• [The task]: Only the lines of the listing below that run from the line with "Nissan Original Control" through the line with "Mercedes-Benz Sprinter 519" are to be set down, word for word. Pictures stay out.

• [Records to use]:
*** Block opens ***

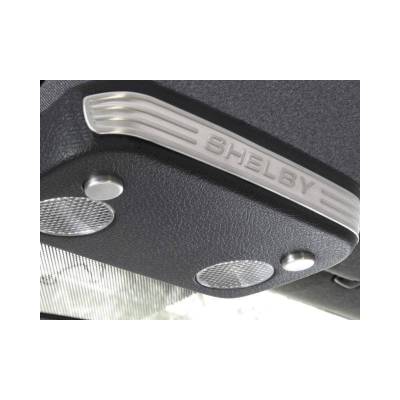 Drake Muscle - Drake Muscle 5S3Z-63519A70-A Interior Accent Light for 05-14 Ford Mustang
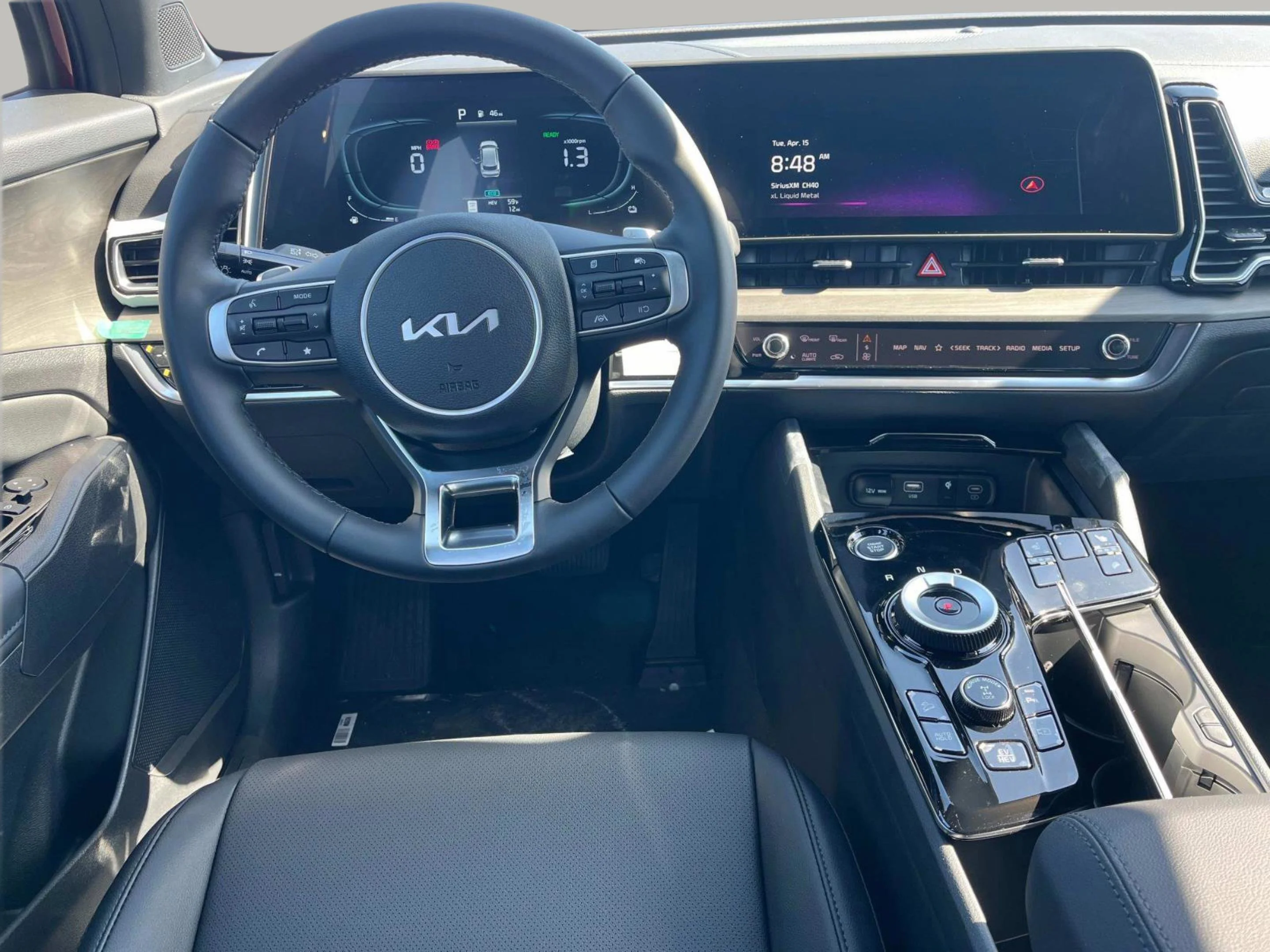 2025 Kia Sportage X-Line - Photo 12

*** Block closes ***
*** Block opens ***

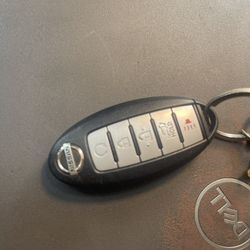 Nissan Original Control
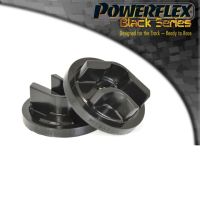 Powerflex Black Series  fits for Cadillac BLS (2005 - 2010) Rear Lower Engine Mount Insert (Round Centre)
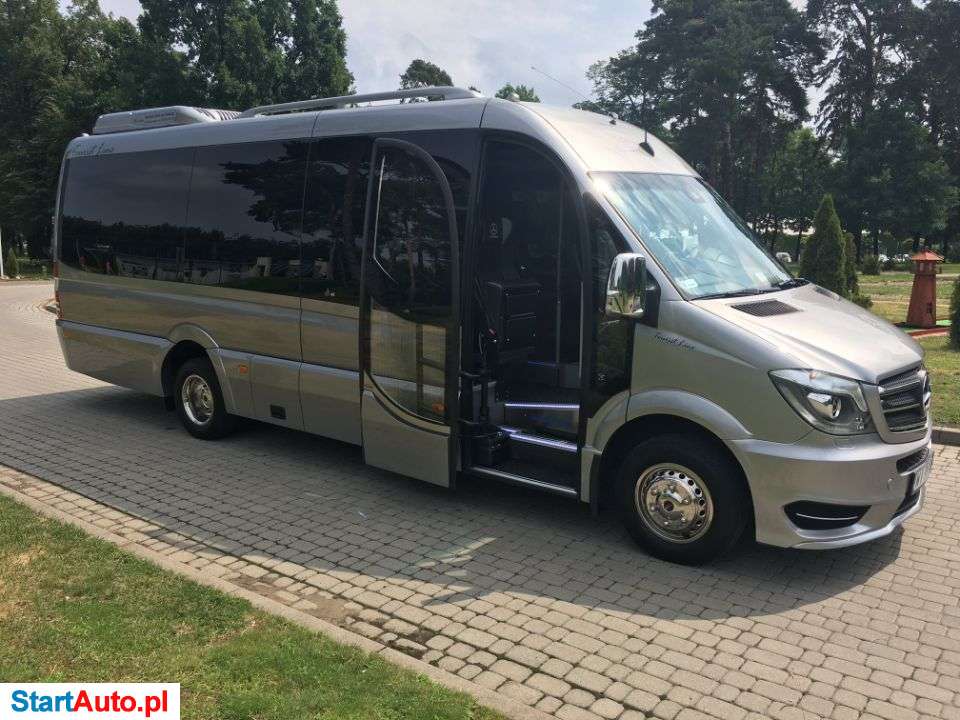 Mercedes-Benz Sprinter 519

*** Block closes ***

• [Response to the task]:
 Nissan Original Control
 Powerflex Black Series  fits for Cadillac BLS (2005 - 2010) Rear Lower Engine Mount Insert (Round Centre)
 Mercedes-Benz Sprinter 519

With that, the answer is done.